WHEREAS, Seller holds more than 24% but less than 24.9% of the issued and outstanding shares of common stock (the “Shares”) of Xxxxxx Xxxxxxx, par value $0.01 per share;
WHEREAS, Xxxxxx Xxxxxxx has been repurchasing, and intends to repurchase, Shares from time to time under its share repurchase program;
WHEREAS, as of the date hereof, each of Seller and Xxxxxx Xxxxxxx desires that Seller maintain its ownership of Shares below 24.9% of the issued and outstanding Shares;
WHEREAS, Seller intends to sell Shares to Xxxxxx Xxxxxxx from time to time with the view to maintaining its ownership of the Shares below 24.9% of the issued and outstanding Shares;
WHEREAS, Xxxxxx Xxxxxxx intends to repurchase Shares, through its agent MS & Co., from Seller each quarter under its share repurchase program with the view to maintaining the percentage of Seller’s ownership of the Shares below 24.9% of the issued and outstanding Shares;
WHEREAS, in connection with the transactions contemplated in this Sales Plan and prior to (i) the first Sale Day (but as soon as practicable after Xxxxxx Xxxxxxx begins repurchases under its share repurchase program), in the case of the first Quarterly Plan Period, and (ii) each Quarterly Repurchase Commencement Date (as defined below), in the case of the subsequent Quarterly Plan Periods, Seller will have deposited a number of Shares as agreed by Seller and MS & Co. (the “Deposited Shares”) into account number [ ] (the “Deposit Account”), which, for the avoidance of doubt, is a customer account at MS & Co. that is a “cash account” as described in 12 CFR § 220.8; and
WHEREAS, the parties hereto intend that this Sales Plan comply with the requirements of Rule 10b5-1(c)(1)(i)(B) under the Securities Exchange Act of 1934, as amended (the “Exchange Act”).

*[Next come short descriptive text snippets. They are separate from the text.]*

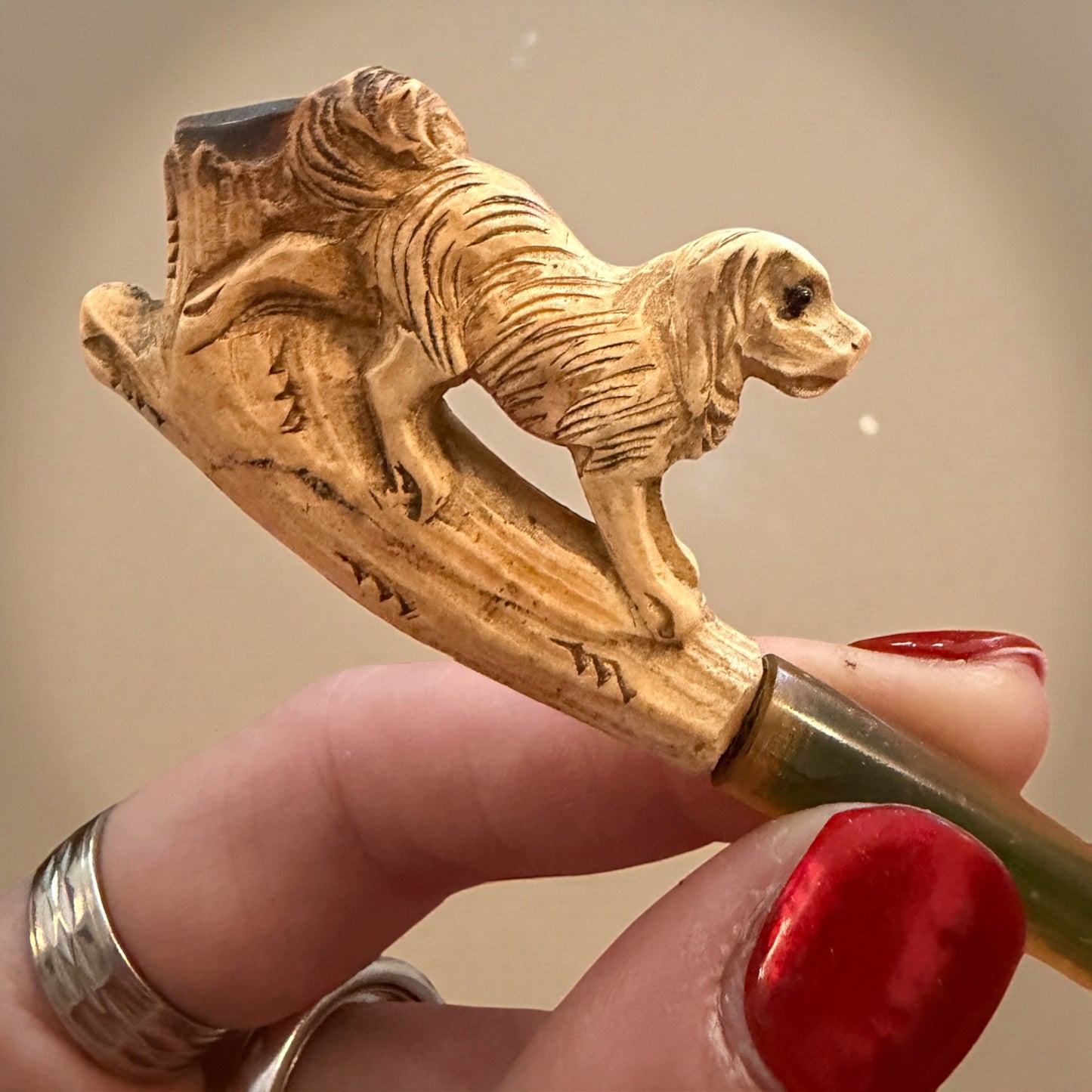 Antica pipa in schiuma di mare zoomorfa a guisa di cane, in custodia, fine ‘800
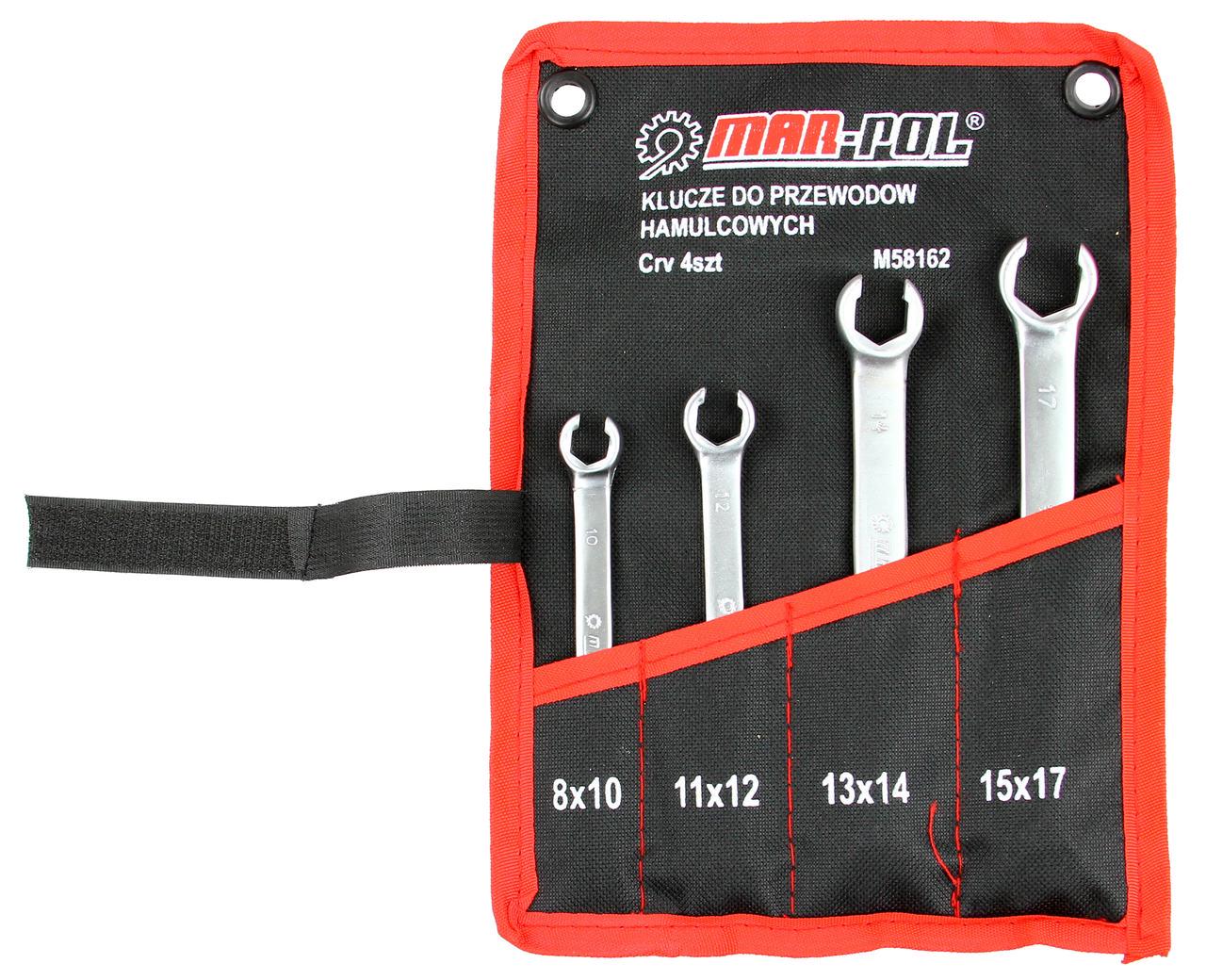 Набор ключей разрезные Mar-Pol M58162 тканевый чехол 8x10/11x12/13x14/15x17 мм 4 шт.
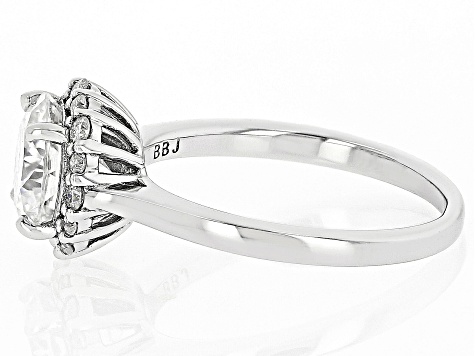 Moissanite Inferno Cut Platineve Halo Ring 2.41ctw DEW.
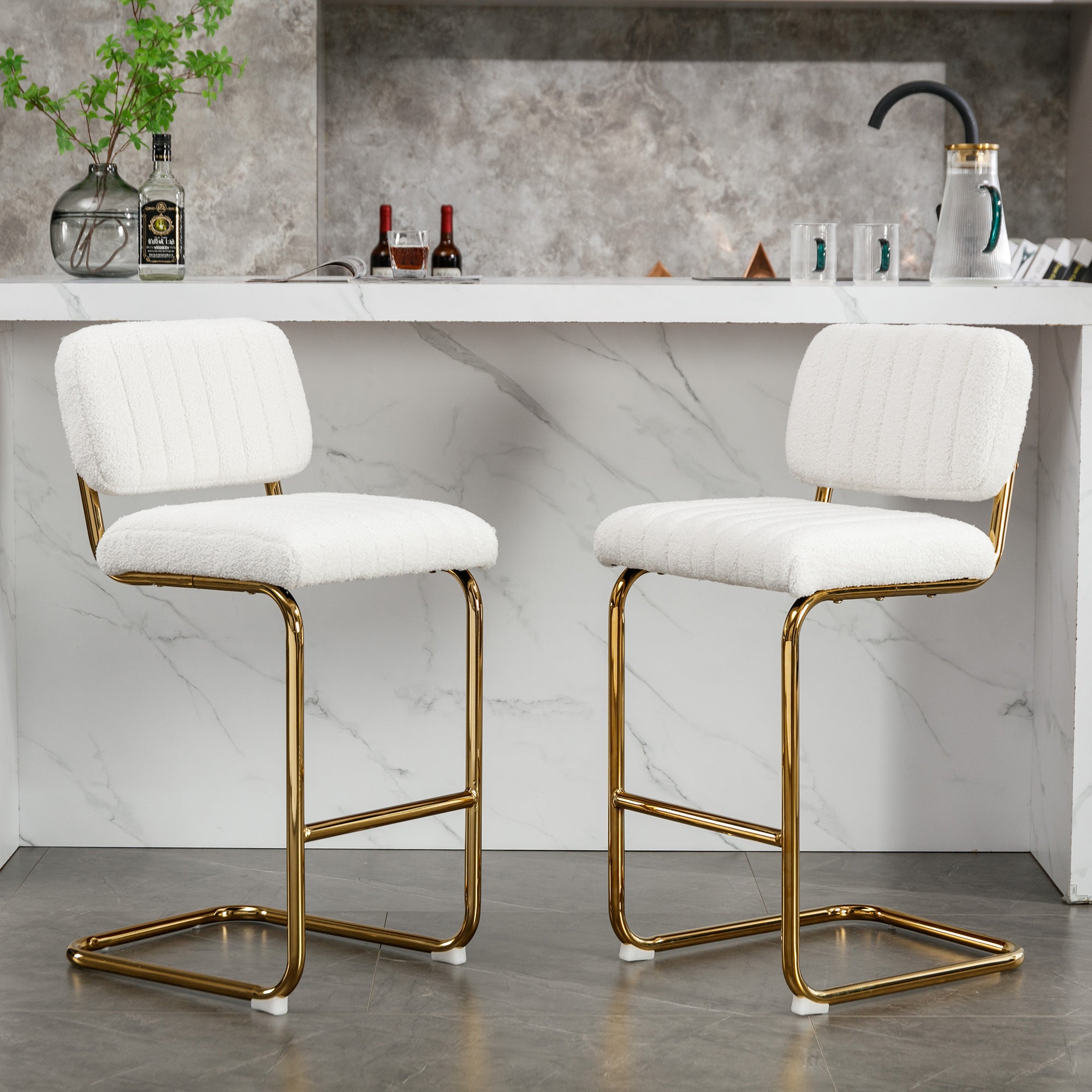 Ivory Boucle Fabric Counter Height Bar Stools Set of 2 B4327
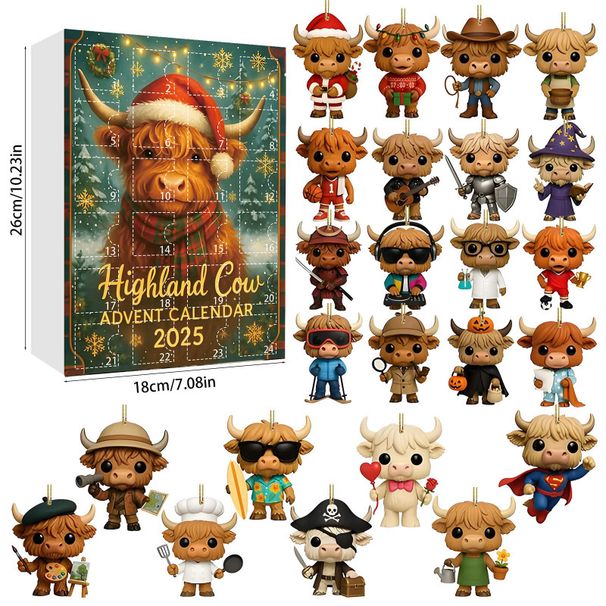 Neu eingetroffen: Weihnachtskalender 2025 im Highland-Cow-Stil (Überraschungsbox) – Weihnachtsbaum-Acryl-Anhänger_voghion.com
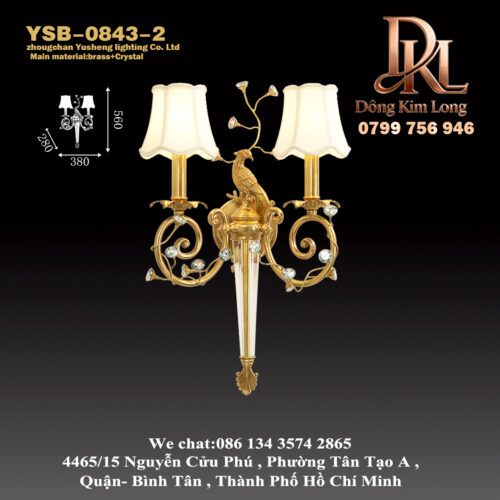 YSB-0843-2 Đèn tường kiểu Pháp biệt thự sang trọng phong cách châu Âu cổ điển ,đèn tường phòng khách ,nền đèn phòng ngủ ,đèn tường pha lê bằng đồng YSB-0843-2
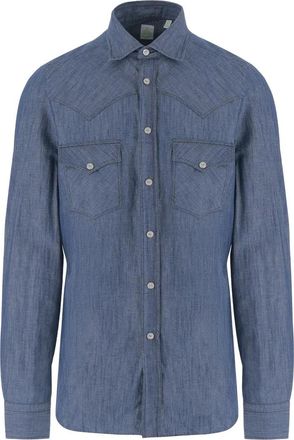Finamore Katoen en Linnen Overhemd - Heren - Spijkeroverhemden - Blauw - 2XL - Katoen - Overhemden
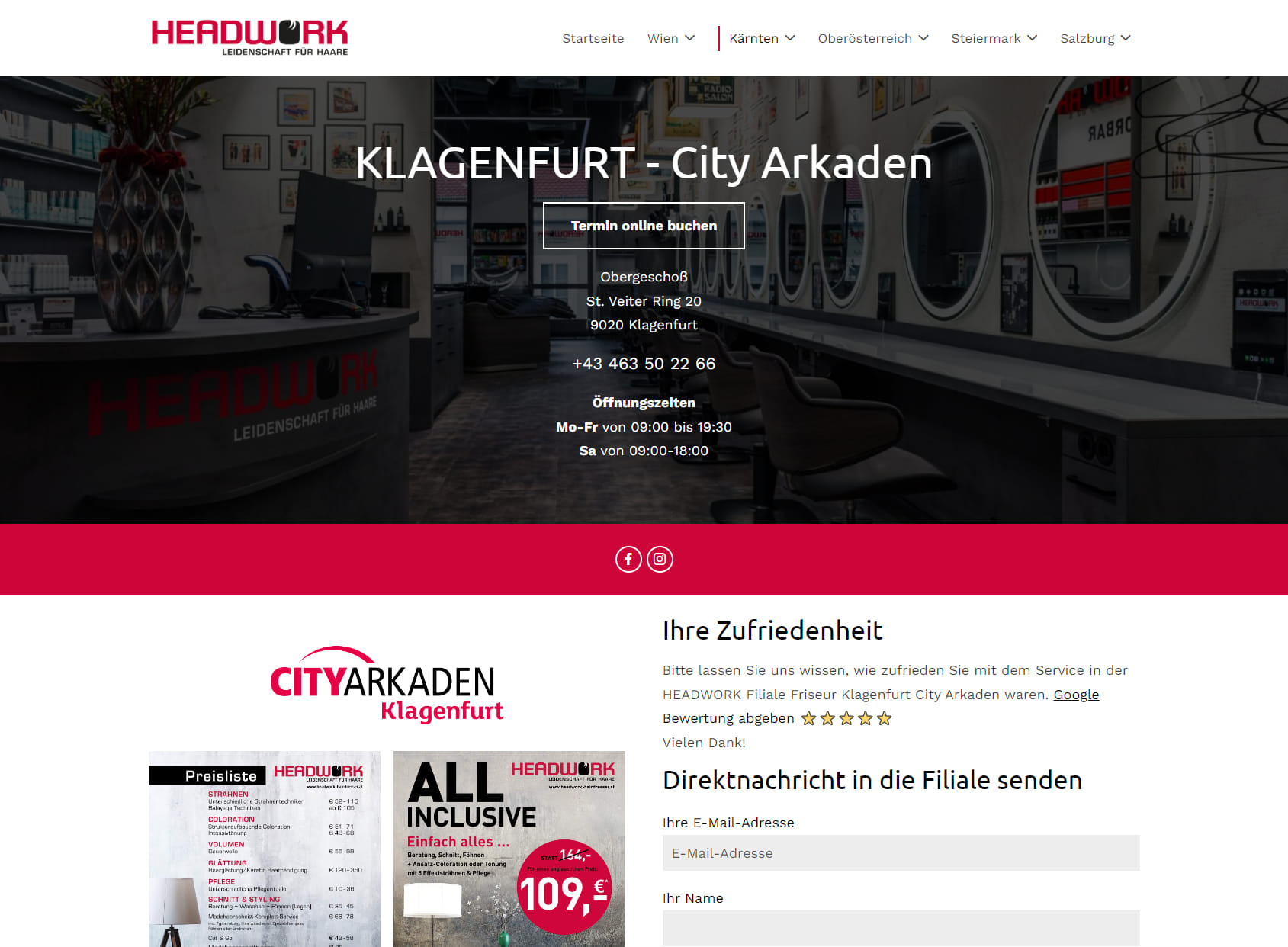 HEADWORK City Arkaden - Friseur Klagenfurt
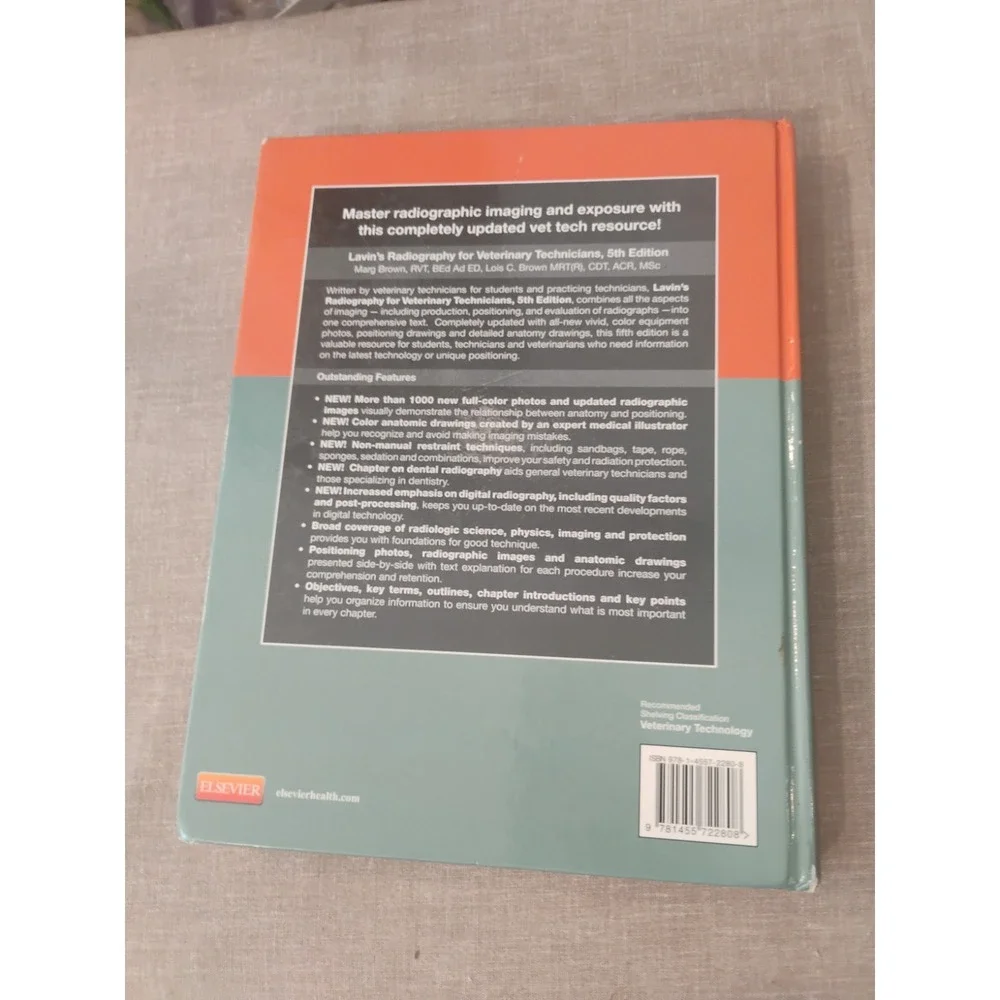 Lavin's Radiography for Veterinary Technicians, 5th ed, Hardcover, Great book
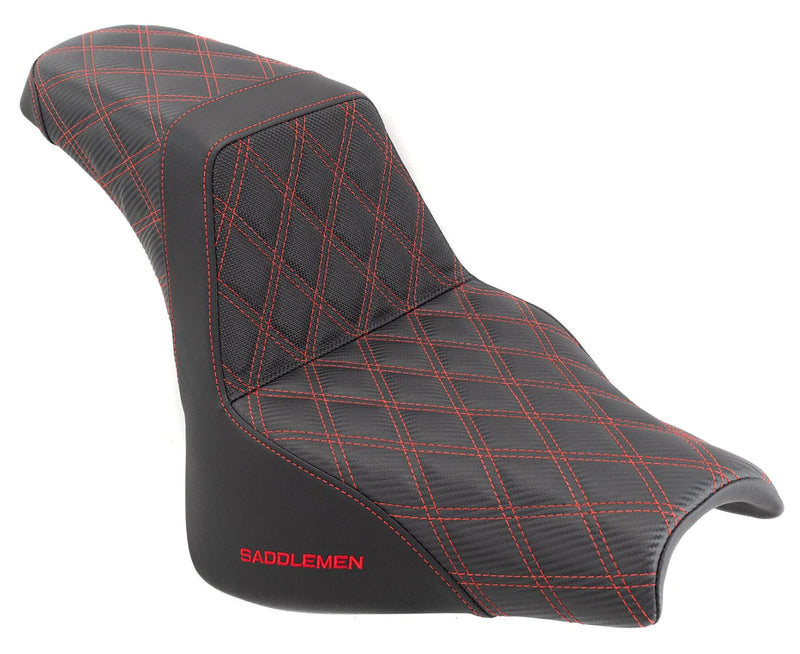 Saddlemen Seats Saddlemen Red Step 2 Up Lattice Diamond Stitch Seat Harley Softail Fat Bob M8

NOW, THEREFORE, the parties hereto hereby agree as follows:
A. | Definitions |
As used in this Sales Plan, the following terms shall have the following meanings:
“Business Day” means any day on which commercial banks are open for business in New York City, United States.
“Number of Shares” means, for any Sale Day, the product of (i) the Specified Percentage for the calendar quarter that includes such Sale Day and (ii) the aggregate number of Repurchased Shares, rounded down to the nearest whole share.
“Quarterly Plan Period” means, for each calendar quarter beginning with the second calendar quarter of 2018, the period from, and including, the date that Xxxxxx Xxxxxxx begins purchasing Shares under its share repurchase program during such calendar quarter (“Quarterly Repurchase Commencement Date”), to, and including, the applicable Quarterly Repurchase Termination Date.
“Quarterly Repurchase Termination Date” means, for each calendar quarter, the last day on which Xxxxxx Xxxxxxx purchased Shares during such calendar quarter.
“Repurchased Shares” means, for any Sale Day, the aggregate number of Shares that Xxxxxx Xxxxxxx has repurchased under its share repurchase program (other than Shares purchased from Seller) during the period from, and including (x) if such Sale Day is the first Sale Day of such calendar quarter, the Quarterly Repurchase Commencement Date or (y) in all other cases, the Business Day immediately following the last Sale Day prior to such Sale Day, to and including, such Sale Day.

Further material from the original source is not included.